I bought a Sony Xb30ex in early 2013 and It "broke" in early 2014 ,I get sound from only one channel and it's Jack needs to be "twisted" gently to a certain angle to get sound from both Channels.

Question: I've a old Samsung earphone(with mic) laying around which has three wires, BLACK, GREEN, RED. I don't know what kind of wiring is inside XB30EX but if possible can I use Samsung's Jack? I don't wanna go into soldering , fixing wires is easier for me.

Just asking before I tear up my earphones cable!


----------



## sujoyp (May 25, 2016)

same problem with me..strange..mine too bought in 2013 ....see if you are successful in something


----------



## AudioGeek (Jun 11, 2016)

Soldering is mandatory for cable repairs.

Without soldering, nothing can be done. Suggest you to buy new.


----------



## ChairmanSaab (Oct 15, 2016)

Update: Right channel has stopped working and i had to "twist" it to make the left one work. I took the plunge and successfully replaced it with old samsung jack i had laying around (not soldering). Unfortunetely the right channel still doesn't work (blown up?) but i don't have to move the wire every few seconds now!  Voice is crisp and clear like before but my right ear is getting bored! Time to buy new ones!

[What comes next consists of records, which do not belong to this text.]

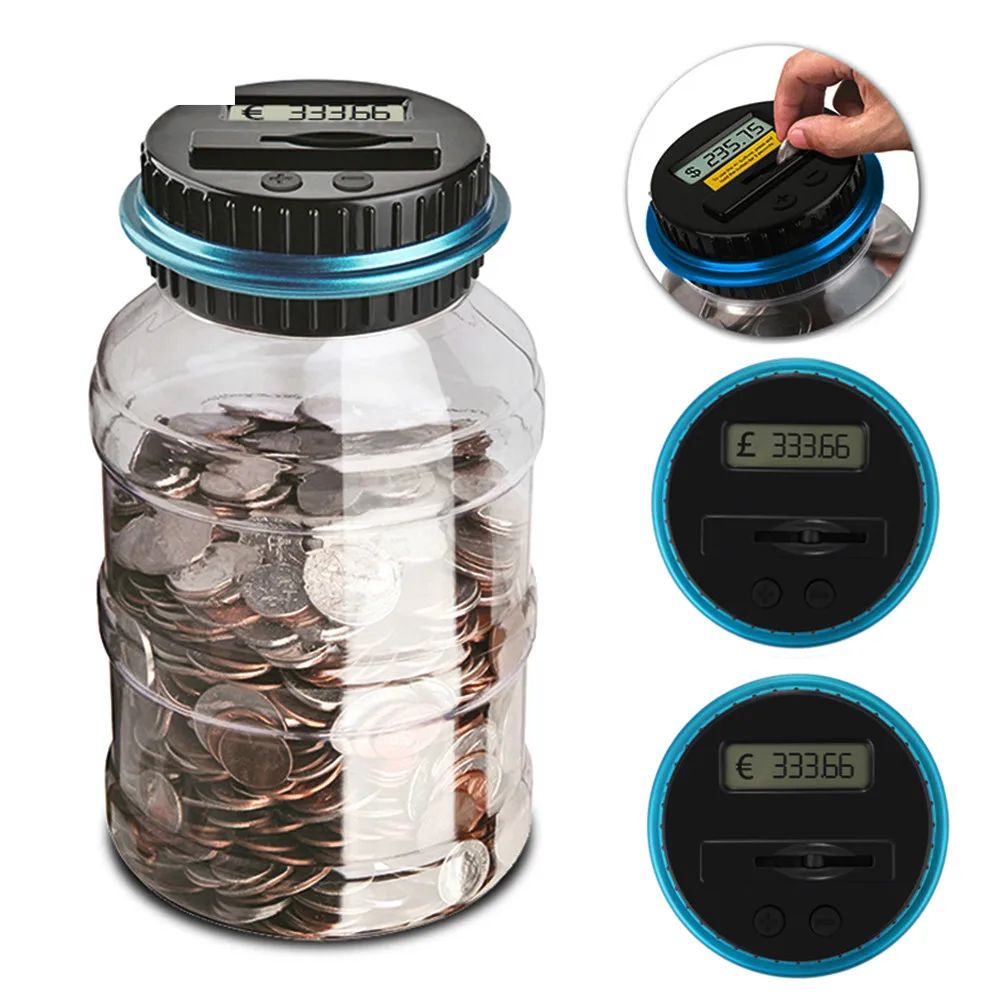 1.8L Piggy Bank Counter Coin Electronic Digital LCD Counting Coin Money Saving Box Jar Coins Storage Box For USD EURO GBP Money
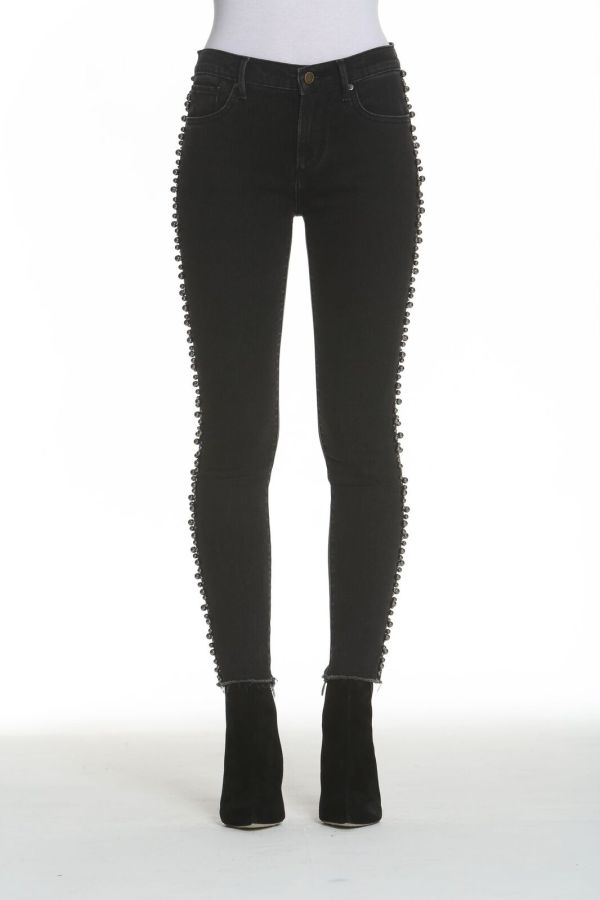 Driftwood Jackie Metallic Faux Pearl Detail Skinny Jeans 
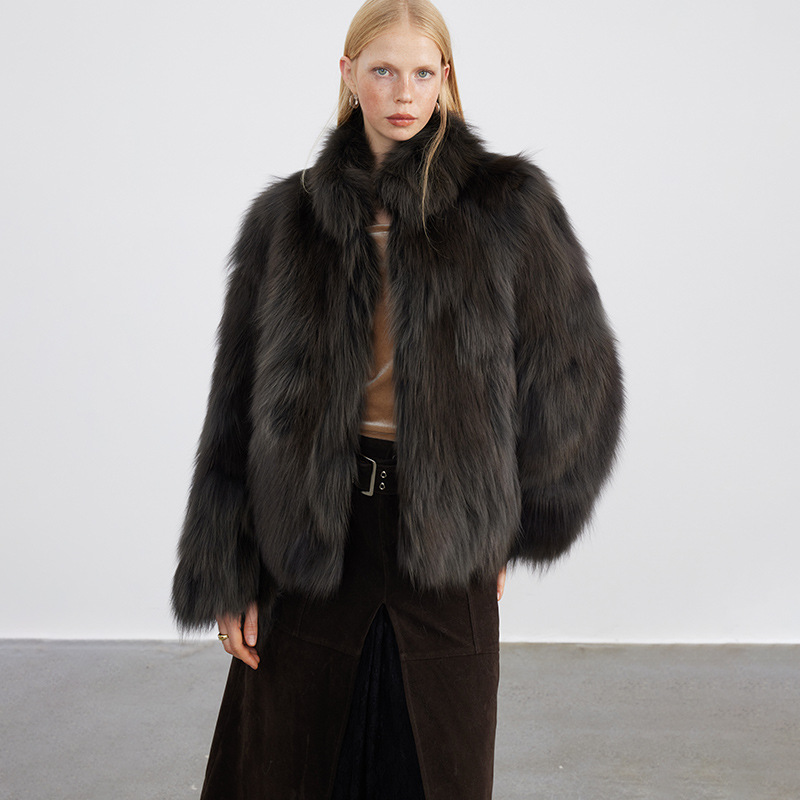 VYRA Youth Style Stand Collar Furry Coat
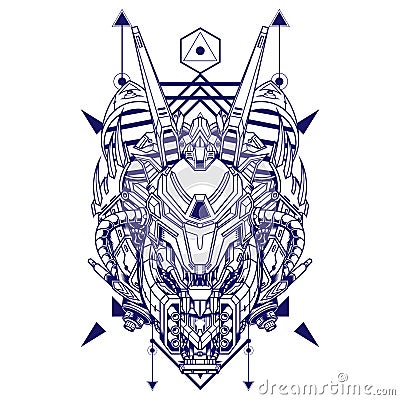 Cyber Wolf Illustration for Playing Card, gaming logo and more Vector Illustration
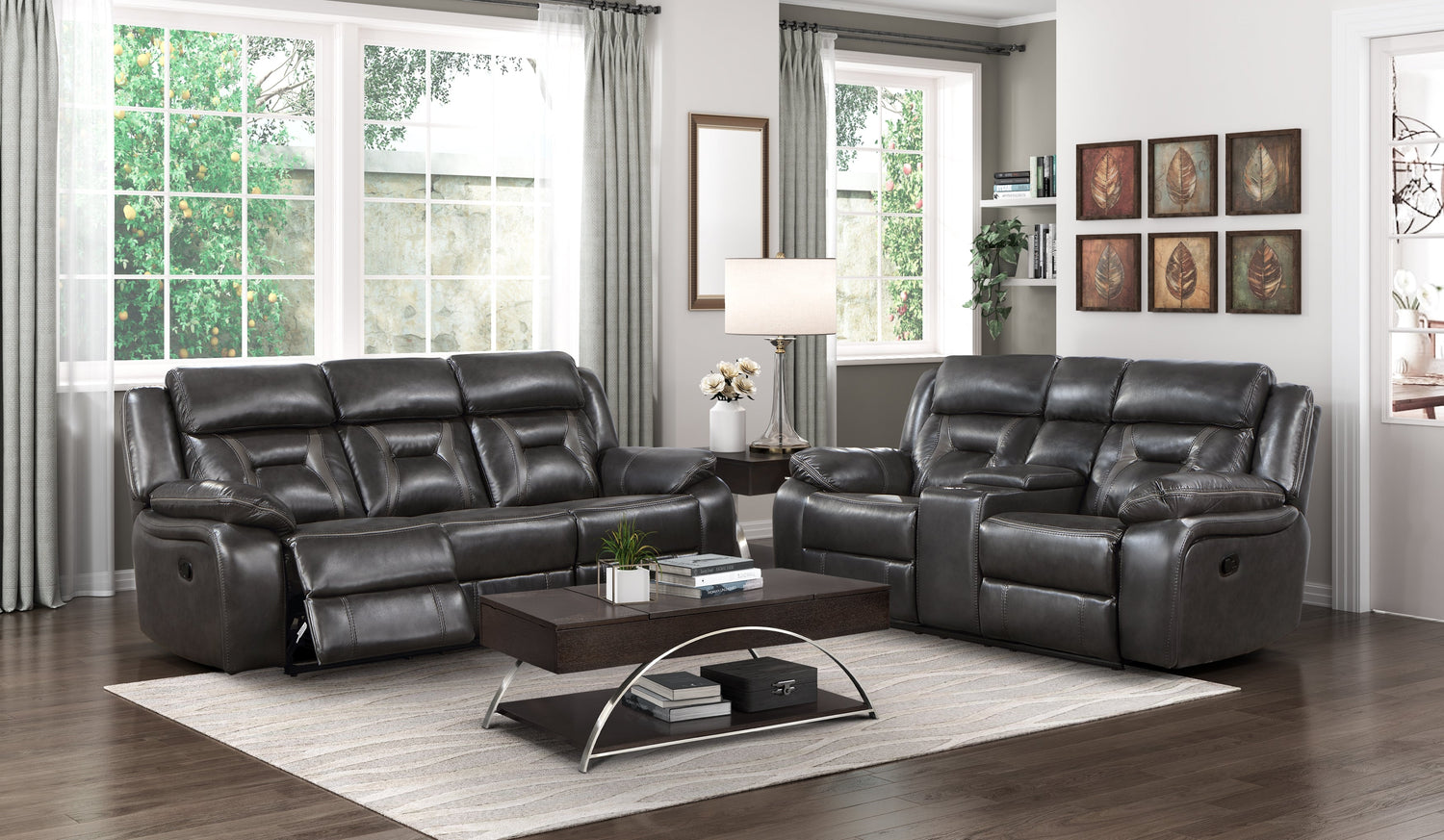 Amite Dark Gray Double Reclining Loveseat with Center Console - 8229NDG-2 - Bien Home Furniture & Electronics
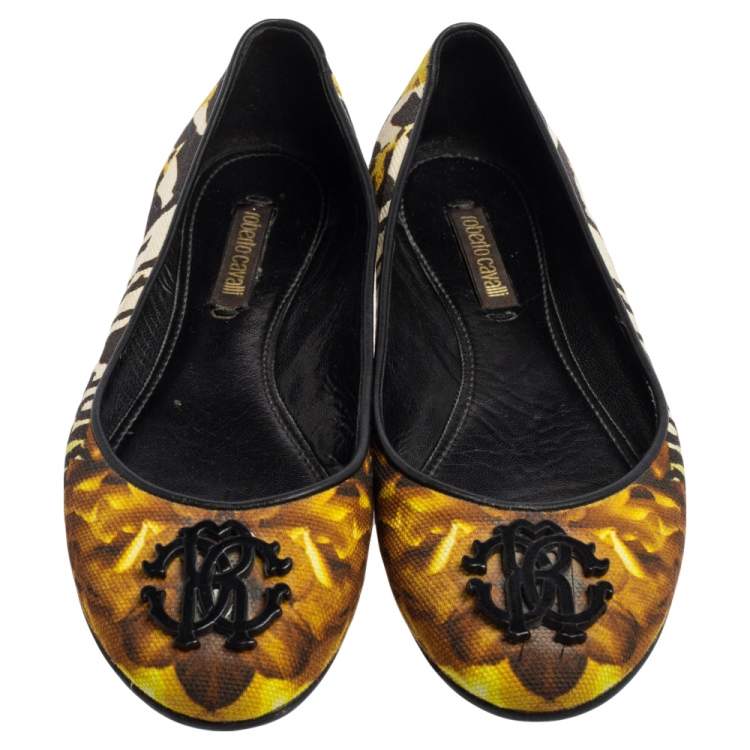 Pre Owned Roberto Cavalli Multicolor Printed Canvas Ballet Flats Size 36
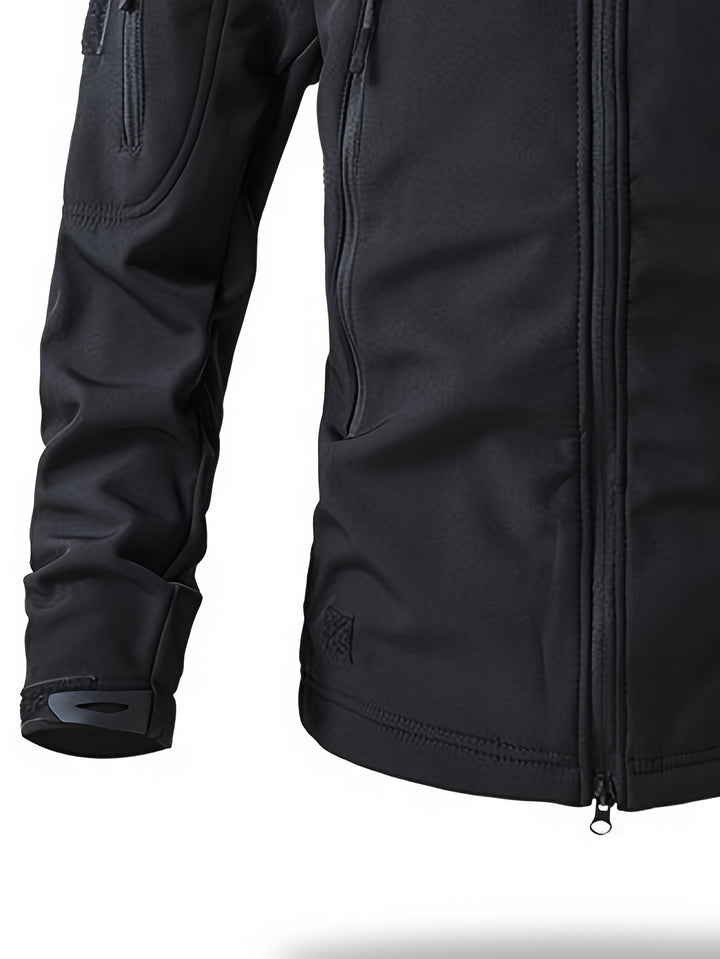 Giacca Hoodie Tattica Slim-Fit per Uomo | Soft Shell | Più Tasche | Nero Puro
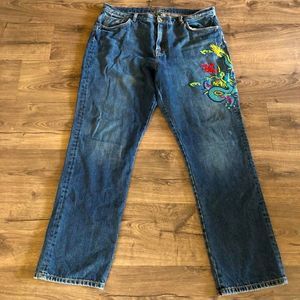 𝅺Lauren Jeans Co Gold Label dragon appliqué straight leg jeans size 16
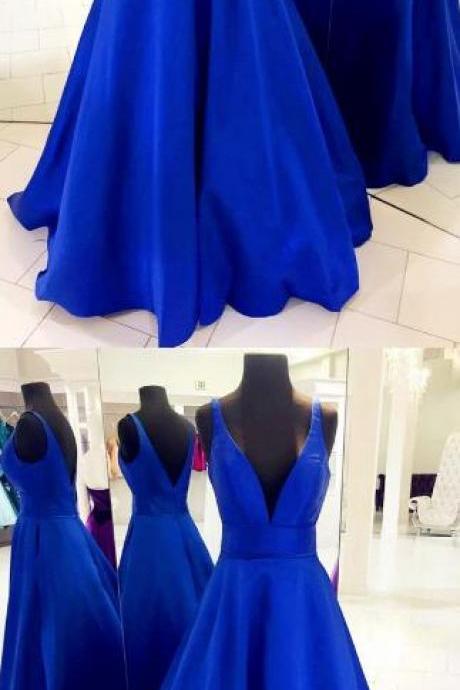 Royal Blue Prom Dresses, Prom Dress,sexy Long Prom Dress,stain Evening Gowns,satin Prom Dress,satin Evening Gowns,prom Long Dresses 2018
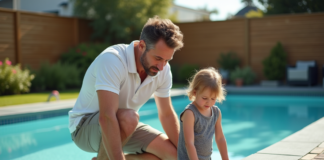 Sécurité piscine : comment choisir le meilleur équipement de protection ? Père et fille examinent la couverture de piscine en extérieur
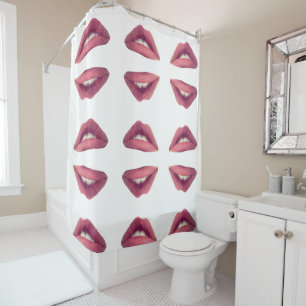 Lèvres, Lèvres Roses Douche Rideau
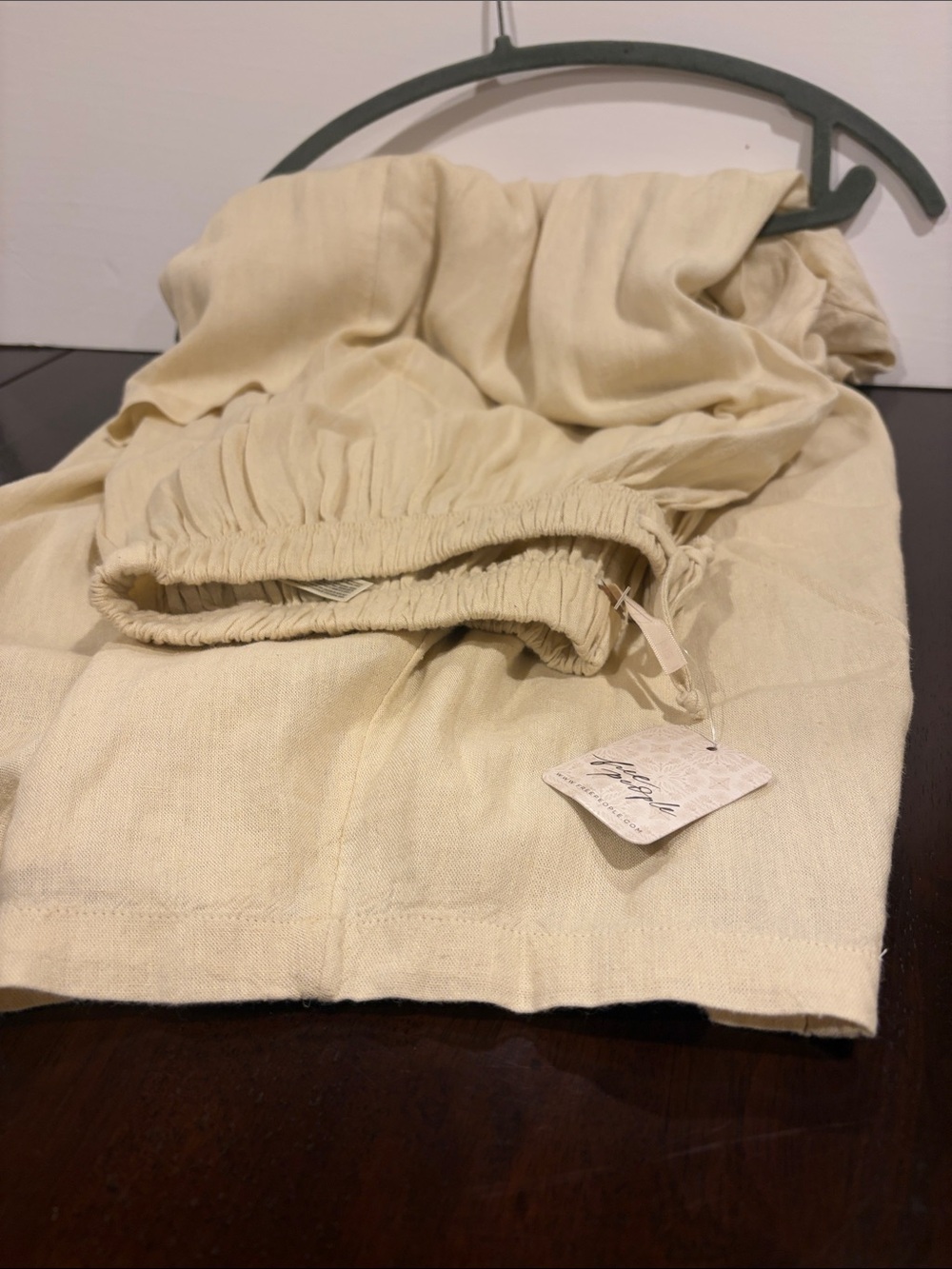 Womens Free People Cream drawstring Waist Pants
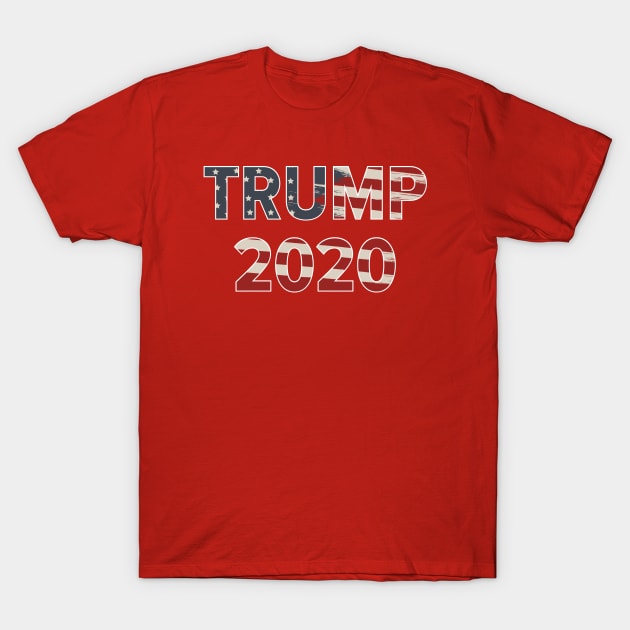 Trump 2020 Red American Flag T-Shirt by FalconArt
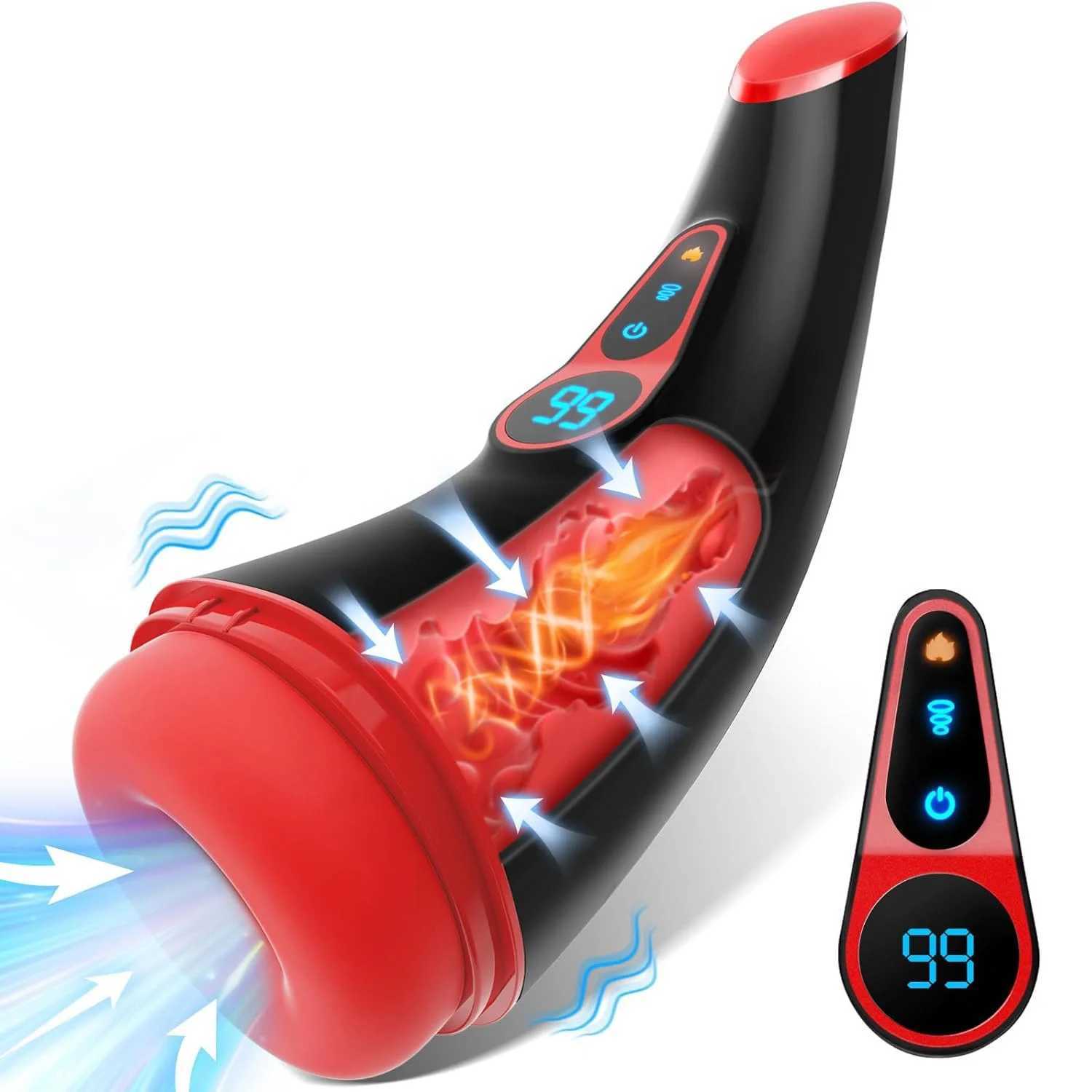 Sucking hot vagina masturbation cup Pussy Blowjob male jet cup 3D texture oral sex vibration belt with LCD displayXJ250408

Anyone interested in the wire configuration It' as the following 

[Note: All wires are cotton stranded]

Green : Left Channel (enamel)
Red : Right Channel (enamel)
Copper 1 : Ground (enamel)
Copper 2 : Ground (enamel)

Burn them all !


----------



## sujoyp (Oct 17, 2016)

After my post I have already changed 2 earphones ...after my xb30 had developed problem bought soundmagic es18 which went bas in 3 months, then bought one more from sony but didnt got satisfied, now using CX180


----------